There is immense pressure on artists to support the left. There has been since the 1950s, probably as a reaction to the McCarthy witch hunts, and it has only grown since. Today, anyone who admits a stray right-wing thought risks their livelihood. It is rarely worth it for an artist; their commitment is to their art, and politics is a minor concern for most by comparison.
We need an artists’ liberation movement. But the current cancel culture and blacklisting is probably soon going to swing everything around, because it is just like McCarthyism, yet worse.
As a result of this pressure, we can assume anyone not openly left-wing is secretly right-wing. Along with some who are openly left-wing.
And Cohen has always played his politics close to the vest.

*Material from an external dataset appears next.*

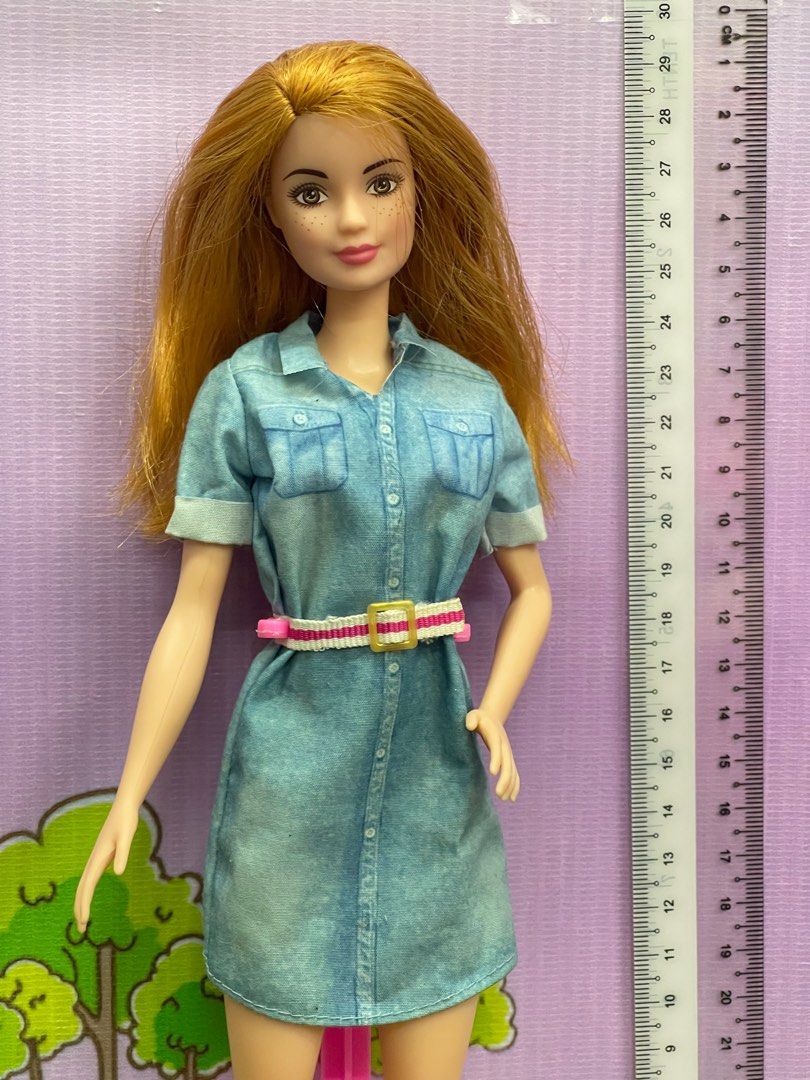 Barbie 327 best sale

It is clear, nevertheless, that he opposes abortion, and has always opposed abortion.
“Teachers,” from his first album:
“Some girls wander by mistake
Into the mess that scalpels make.”
“Story of Isaac,” from his second album:
“You who build these altars now
To sacrifice these children,
You must not do it anymore.”
“Diamonds in the Mine,” from “Songs of Love and Hate”:
“And the only man of energy, the revolution’s pride
He trained a hundred women just to kill an unborn child.”
“Dance Me to the End of Love,” from “Various Positions”:
“Dance me to the children who are asking to be born.”
And finally, “Thanks for the Dance,” the title track of his last, posthumous album:
“Thanks for the dance
I hear that we're married
One, two, three, one, two, three, one
Thanks for the dance
And the baby you carried
It was almost a daughter or a son.”
It has in fact been an abiding concern. I suspect it was, for Cohen, a core concern.